WORK TO COMPLETE:
Apart from the images, every record below must be given again without alteration.

[Image-text web data]
::::

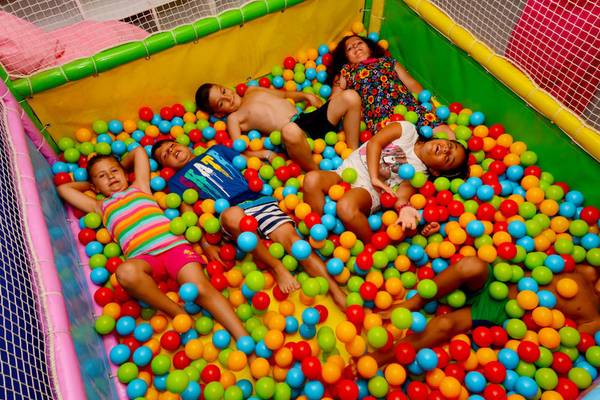 Mehrere Kinder spielen in einem Ballenpool voller bunter Bälle im Diamond Premium Hotel & Spa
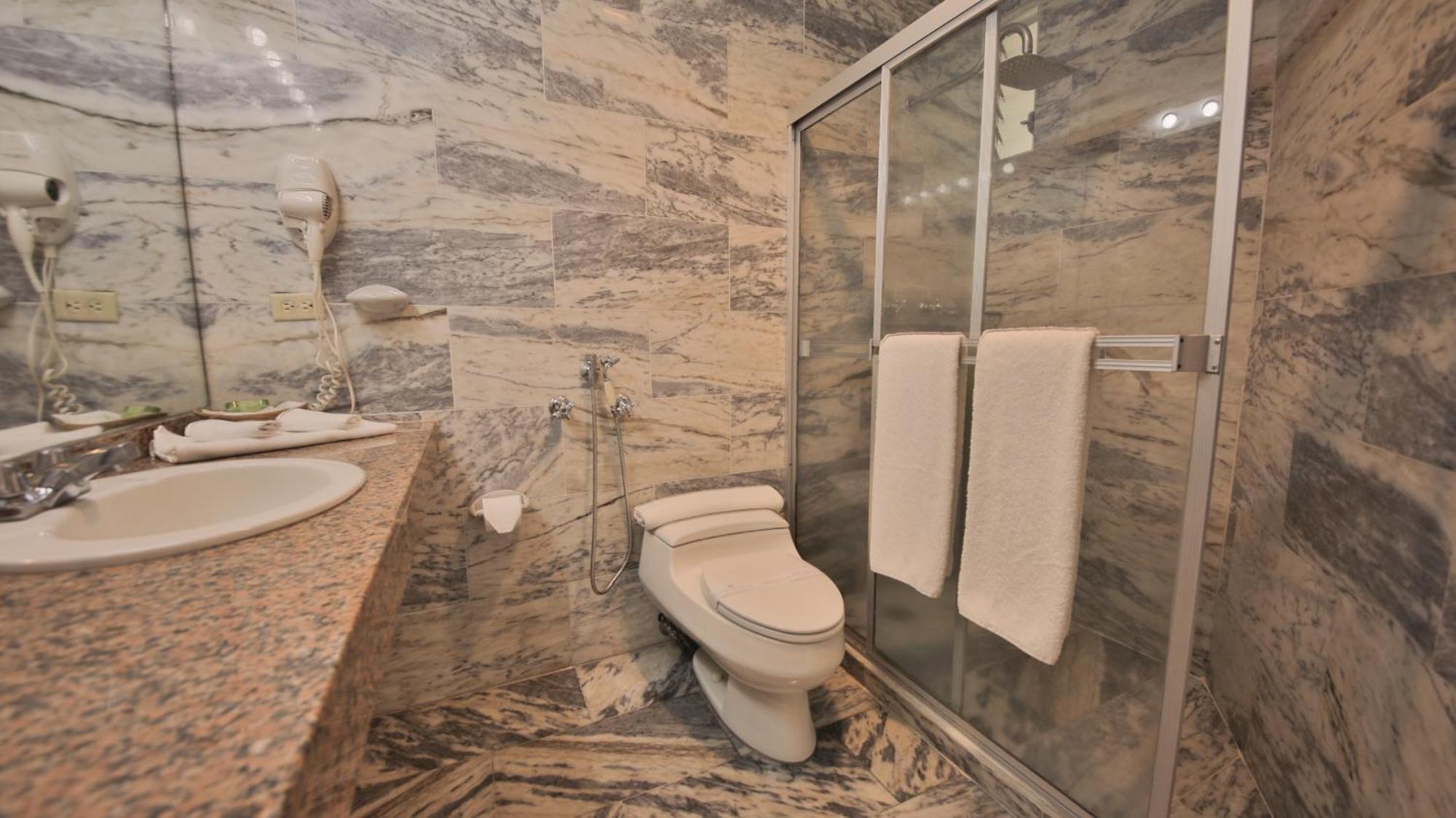פנמה סיטי Torres De Alba Hotel & Suites מראה חיצוני תמונה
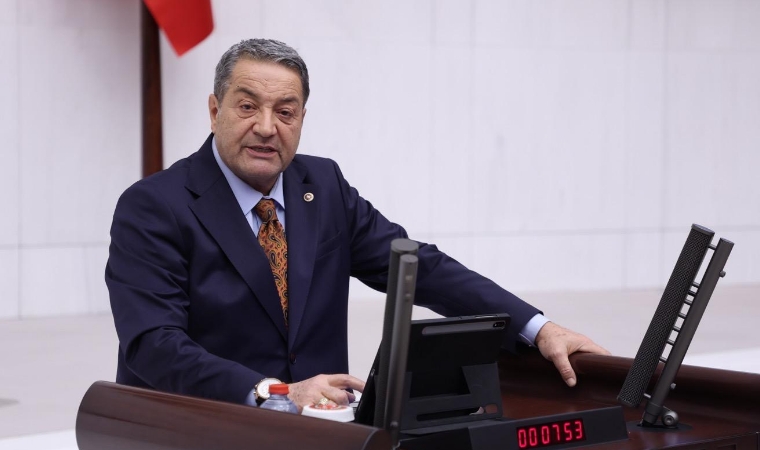 Şiddetli Dolu Altı İlçeyi Vurdu! Kayısı Üreticisi Hasar Tespiti Bekliyor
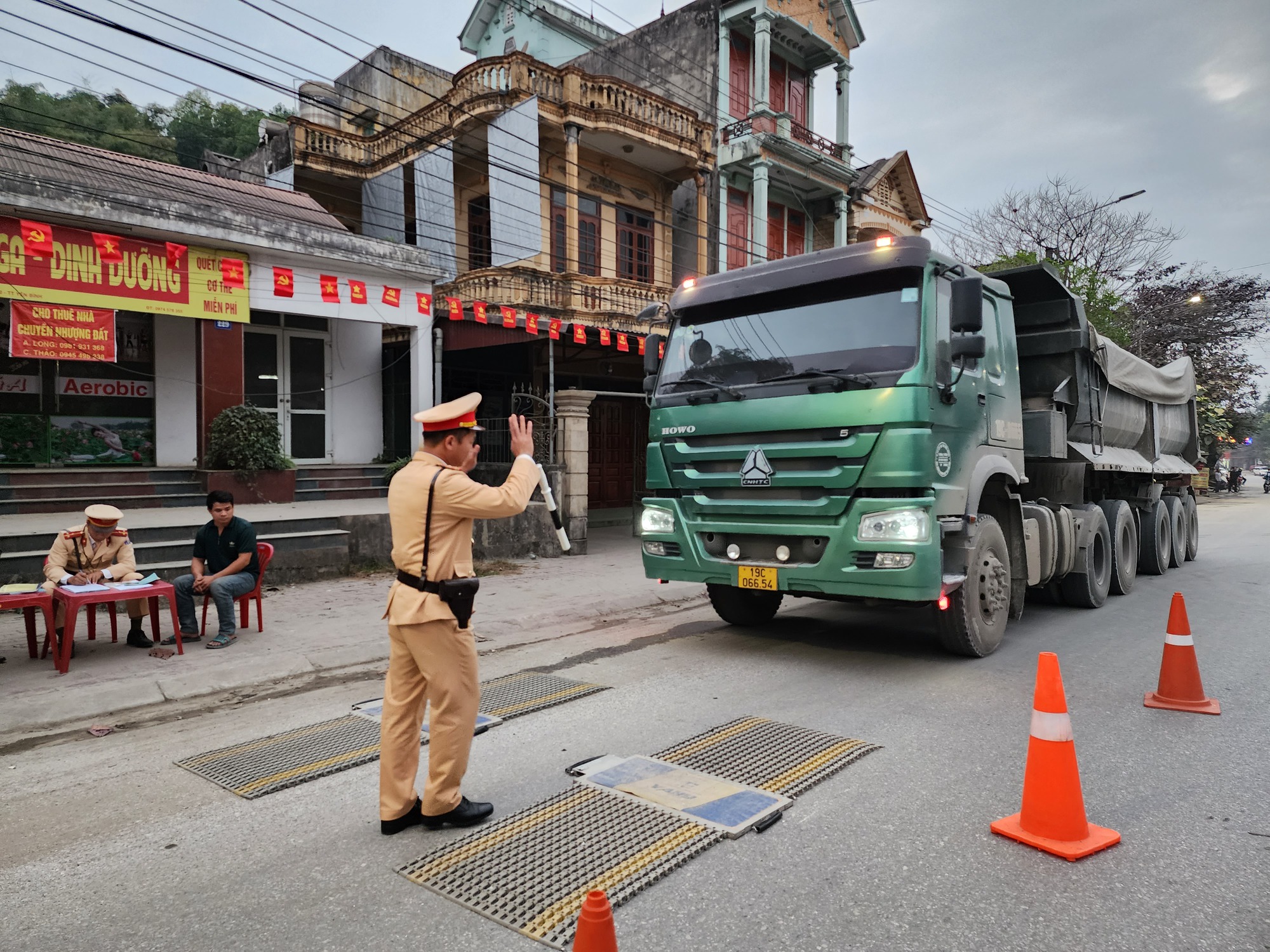 Giảm hơn 100 vụ TNGT sau 02 tháng thực hiện cao điểm bảo đảm ATGT - Ảnh 3.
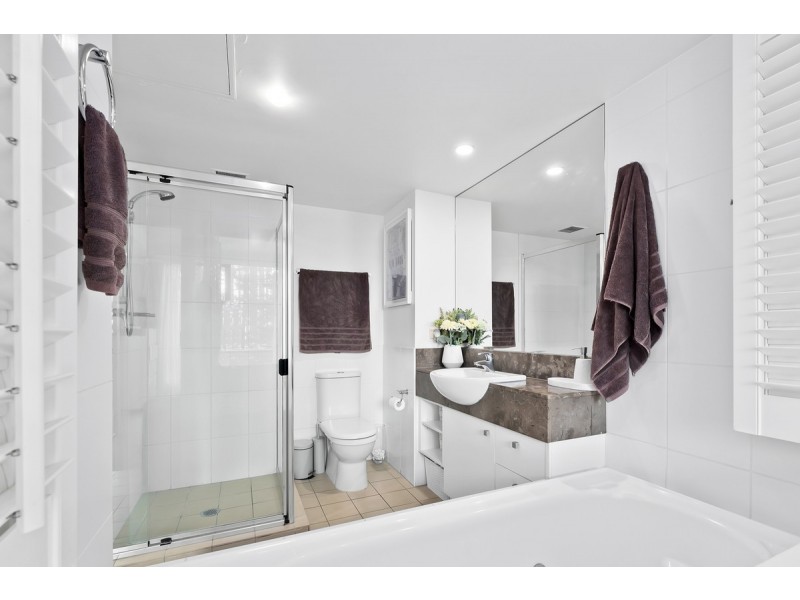 504/2685-2689 Gold Coast Highway, Broadbeach QLD 4218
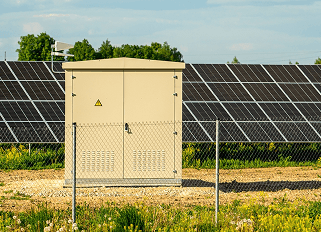 تستخدم لتغذية المرافق المختلفة وإدارة الفصـــــــــــل وحماية الأنظمة.<br />تصنع بتيـار حتى 5000 مللي أمبير وجهد 1000 فولت تيار متردد ومستمر.<br />متوفرة بأشكــــــــــــال داخلية وخارجية ومناسبة لدرجات حرارة مرتفعة.<br />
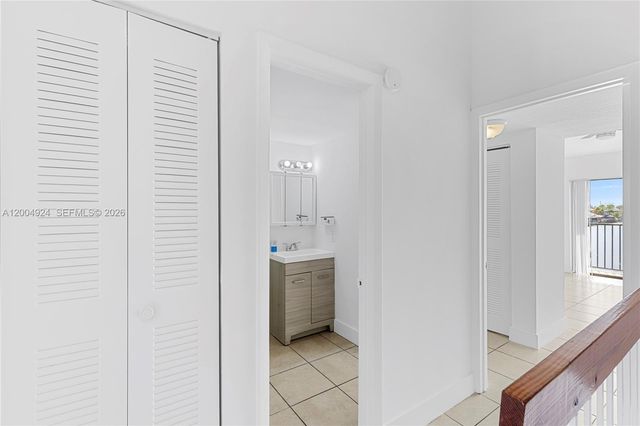 5580 W 26th Ct 209, Hialeah, FL 33016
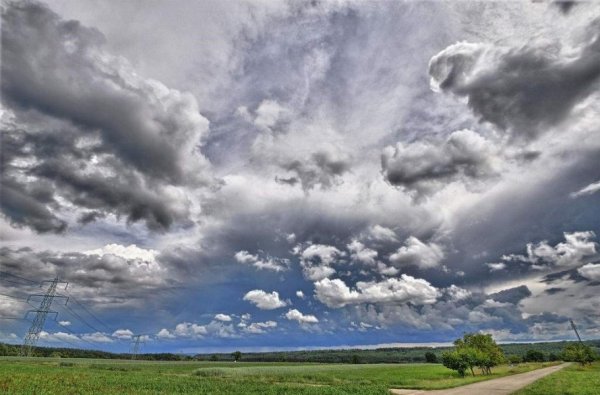 Малооблачно гроза
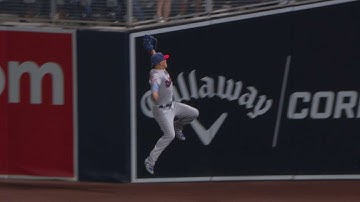 LAD@SD: Hernandez makes a leaping grab at the wall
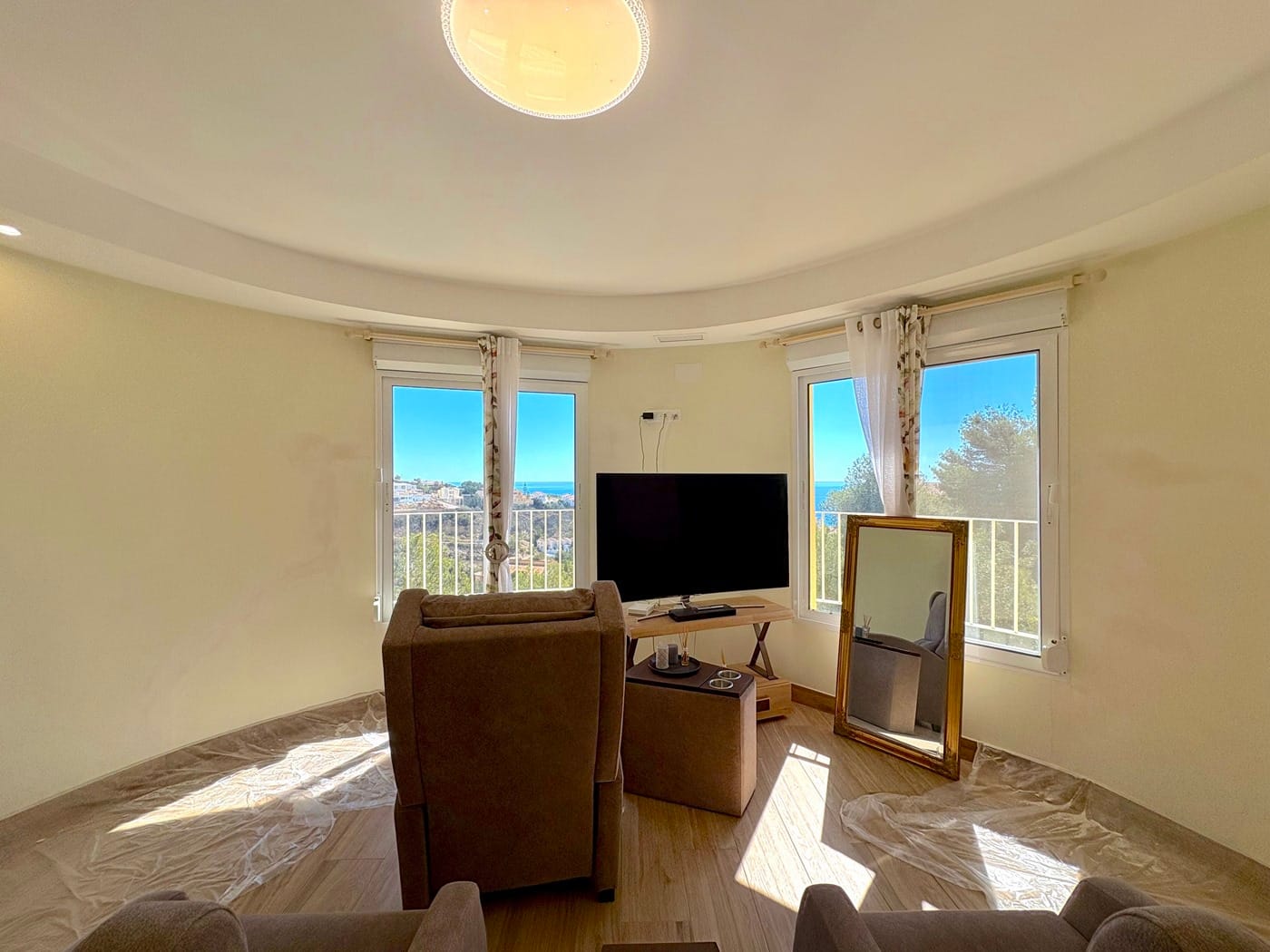 Gerenoveerde villa met zwembad en uitzicht op zee in Cumbre del Sol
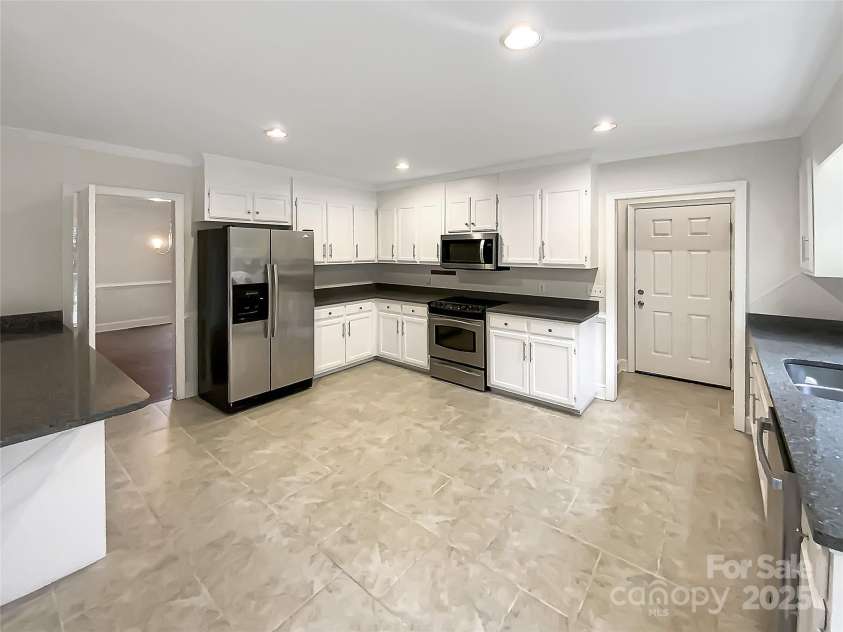 1507 Chadmore Lane, Concord, NC 28027.  MLS# CAR4254948, YatesRealty ID 21936. 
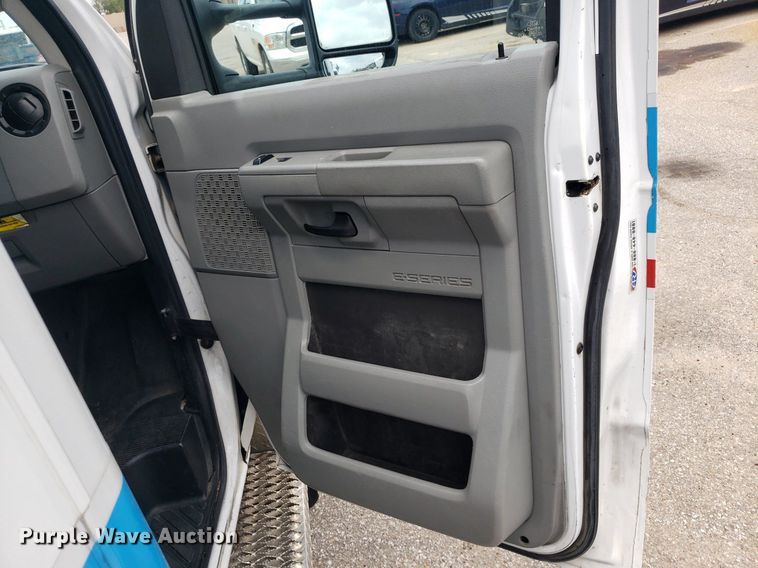 image for item DK7416 2016 Ford E450  ambulance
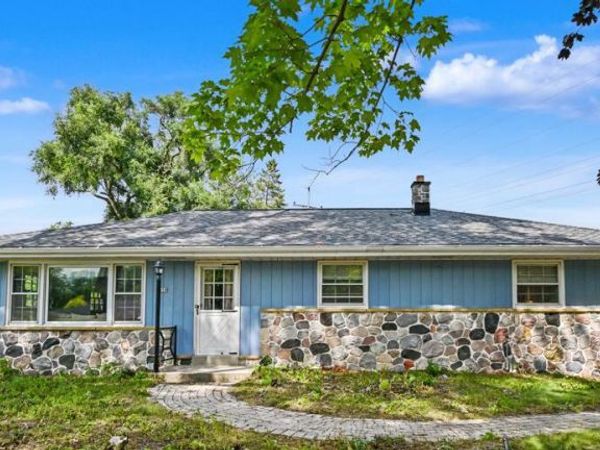 5558 W Donna DRIVE, Brown Deer, WI 53223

::::

EXERCISE RESULT:
 Mehrere Kinder spielen in einem Ballenpool voller bunter Bälle im Diamond Premium Hotel & Spa
פנמה סיטי Torres De Alba Hotel & Suites מראה חיצוני תמונה
 Şiddetli Dolu Altı İlçeyi Vurdu! Kayısı Üreticisi Hasar Tespiti Bekliyor
 Giảm hơn 100 vụ TNGT sau 02 tháng thực hiện cao điểm bảo đảm ATGT - Ảnh 3.
 504/2685-2689 Gold Coast Highway, Broadbeach QLD 4218
 تستخدم لتغذية المرافق المختلفة وإدارة الفصـــــــــــل وحماية الأنظمة.<br />تصنع بتيـار حتى 5000 مللي أمبير وجهد 1000 فولت تيار متردد ومستمر.<br />متوفرة بأشكــــــــــــال داخلية وخارجية ومناسبة لدرجات حرارة مرتفعة.<br />
 5580 W 26th Ct 209, Hialeah, FL 33016
 Малооблачно гроза
 LAD@SD: Hernandez makes a leaping grab at the wall
 Gerenoveerde villa met zwembad en uitzicht op zee in Cumbre del Sol
 1507 Chadmore Lane, Concord, NC 28027.  MLS# CAR4254948, YatesRealty ID 21936. 
 image for item DK7416 2016 Ford E450  ambulance
 5558 W Donna DRIVE, Brown Deer, WI 53223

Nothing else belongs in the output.